Il vérifie la stabilité de l’assemblage, puis pose une main rassurante sur le bois, comme pour s’excuser de le malmener. Mon dentiste n’a pas cette délicatesse. Je jette un coup d’œil autour de moi pendant que le tapissier continue son diagnostic. La boutique regorge de lourdes étoffes qui tombent avec précision, de meubles en bois travaillé avec amour, d’embrases luxueuses retenant tendrement des rideaux rougissants, de fauteuils enveloppés de velours parfaitement tendu.

- Dites-donc, c’est vous qui les avez dégarnies, non ?

- Heu… (Je n’ai qu’à dire que je les ai achetées telles quelles sur une brocante ?)

- Pas la peine de nier, je le vois bien : il reste pleins de semences et même quelques clous. (La précision n’est pas mon fort, certes…) Oh lala quel travail ! Vous m’avez pas fait un cadeau, là… (Oooh n’exagérons pas non plus !) C’est bien pour ça que c’est un métier d’être tapissier.

- Ah oui, c’est sûr, c’est un savoir-faire ! », j’abonde dans son sens par peur qu’il refuse les chaises. Hors de question de les ramener chez moi ! La mule, ça va une fois !

- Bon, j’ai tellement d’affection pour ces petites-là que je vous les prends, allez, suivez-moi.

Et nous descendons à son bureau. Il ouvre une belle armoire avec des dossiers rangés par ordre alphabétique. Pas une feuille ne dépasse, évidemment.

- Moi, j’aime quand tout est bien organisé.

- Ah oui ? », je réponds avec courtoisie. Hector commence à grogner dans mon dos.

- Tenez, je vais vous montrer. Alors, catalogue 1972… Là, regardez !

- … Des caqueteuses ! », je m’exclame en affectant la surprise.

- Et oui ! C’est moi qui les ai faites !

- Elles sont magnifiques ! », Hector me met un coup de tête. Du haut de ses neuf mois, il n’est pas dupe. Pourtant ce métier, cette exigence, cette passion m’émerveillent, je suis sincère… (Et je le serai encore plus quand j’aurai mon chèque entre les mains, sûre de m’en être débarrassée, des caqueteuses. Depuis un an, elles trônent dans mon salon, dépouillées, desséchées… Et puis, je suis contente, elles se sentiront aimées ici.)

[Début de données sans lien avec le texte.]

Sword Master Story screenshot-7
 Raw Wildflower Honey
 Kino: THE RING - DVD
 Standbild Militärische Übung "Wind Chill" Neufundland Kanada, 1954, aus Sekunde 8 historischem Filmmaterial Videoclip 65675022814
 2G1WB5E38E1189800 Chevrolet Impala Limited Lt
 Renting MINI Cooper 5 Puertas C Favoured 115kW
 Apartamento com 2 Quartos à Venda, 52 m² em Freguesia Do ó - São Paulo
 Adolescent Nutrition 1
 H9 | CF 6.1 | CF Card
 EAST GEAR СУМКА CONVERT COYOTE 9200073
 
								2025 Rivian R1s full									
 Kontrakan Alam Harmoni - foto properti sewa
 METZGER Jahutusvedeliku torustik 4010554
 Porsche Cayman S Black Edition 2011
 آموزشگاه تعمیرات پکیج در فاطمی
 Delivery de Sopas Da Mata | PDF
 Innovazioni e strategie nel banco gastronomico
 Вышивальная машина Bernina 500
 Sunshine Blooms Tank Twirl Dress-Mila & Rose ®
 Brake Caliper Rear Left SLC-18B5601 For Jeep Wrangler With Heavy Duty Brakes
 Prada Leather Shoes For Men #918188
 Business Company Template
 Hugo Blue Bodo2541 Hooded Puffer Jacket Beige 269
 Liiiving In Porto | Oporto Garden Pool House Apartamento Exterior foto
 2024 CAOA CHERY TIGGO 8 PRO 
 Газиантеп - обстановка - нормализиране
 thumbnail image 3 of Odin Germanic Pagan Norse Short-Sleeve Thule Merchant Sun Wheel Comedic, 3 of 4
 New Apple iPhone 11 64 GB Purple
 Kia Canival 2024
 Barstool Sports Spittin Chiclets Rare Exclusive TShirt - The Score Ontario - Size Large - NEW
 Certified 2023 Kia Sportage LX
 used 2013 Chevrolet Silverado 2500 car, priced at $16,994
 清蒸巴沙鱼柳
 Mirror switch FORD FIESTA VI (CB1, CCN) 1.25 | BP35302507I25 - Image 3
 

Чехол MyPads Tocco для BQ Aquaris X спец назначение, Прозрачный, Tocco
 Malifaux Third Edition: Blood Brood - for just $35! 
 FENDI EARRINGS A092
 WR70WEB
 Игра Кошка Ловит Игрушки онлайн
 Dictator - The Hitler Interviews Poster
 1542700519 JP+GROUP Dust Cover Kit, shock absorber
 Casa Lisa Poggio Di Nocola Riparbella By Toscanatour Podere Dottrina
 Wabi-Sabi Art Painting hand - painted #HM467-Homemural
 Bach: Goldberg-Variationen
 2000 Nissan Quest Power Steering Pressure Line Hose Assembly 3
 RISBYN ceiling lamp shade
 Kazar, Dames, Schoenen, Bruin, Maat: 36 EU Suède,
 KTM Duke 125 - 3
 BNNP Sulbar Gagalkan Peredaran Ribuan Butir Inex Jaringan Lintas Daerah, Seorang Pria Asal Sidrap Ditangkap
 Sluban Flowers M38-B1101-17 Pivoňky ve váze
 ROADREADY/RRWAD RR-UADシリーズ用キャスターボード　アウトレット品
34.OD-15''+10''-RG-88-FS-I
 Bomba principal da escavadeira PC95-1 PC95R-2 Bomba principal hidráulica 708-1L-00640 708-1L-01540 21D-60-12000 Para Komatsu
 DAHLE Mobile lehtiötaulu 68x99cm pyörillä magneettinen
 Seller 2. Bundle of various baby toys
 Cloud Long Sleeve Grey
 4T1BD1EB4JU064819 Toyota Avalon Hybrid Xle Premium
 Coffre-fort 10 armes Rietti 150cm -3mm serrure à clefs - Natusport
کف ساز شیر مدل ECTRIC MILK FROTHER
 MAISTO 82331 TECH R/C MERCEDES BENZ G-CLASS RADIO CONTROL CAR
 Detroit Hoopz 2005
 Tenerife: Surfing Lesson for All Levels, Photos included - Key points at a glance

- La précision… », il regarde une dernière fois le catalogue avant de le ranger soigneusement. « Sans précision, on n’est rien.

- Surtout dans votre métier », j’ajoute pour nuancer le propos sans désavouer.

- Pas seulement. Dans la vie entière. (Je ne dirai rien tant que la vente n’est pas finalisée, je ne dirai rien…)

Il ouvre la porte de son atelier. Il y règne une délicieuse ambiance où le temps sent le bois poli.

- 300 ressorts. Différentes hauteurs, différentes dimensions. », il montre du doigt les lieux de rangement correspondants. « Ici les outils : les ramponneaux bien sûr, les petits pieds de biche, bon, tout ce qu’il faut quoi. Et là les toiles.

Le tapissier promène amoureusement sa main le long d’une sangle rugueuse, qui semble s’assouplir à son passage. Hector pousse un premier cri. Je ne vais pas pouvoir le tenir encore longtemps. Vite, le chèque…

- Je pense qu’on va devoir y aller, ou il risque de faire fuir vos clients ! », je déclare en riant. Regard circulaire. Il n’y a pas de client. J’aurais pu choisir un autre argument…

- Vous avez raison. Terminons-en… (Ouf….)

Et puis, il me raccompagne à la porte. Ca y est, Hector a commencé à pleurer. Il est temps d’y aller.

- Il a quel âge ? Deux ans ? Deux ans et demi ?

- 9 mois ! », je réponds, choquée au plus profond de mes entrailles.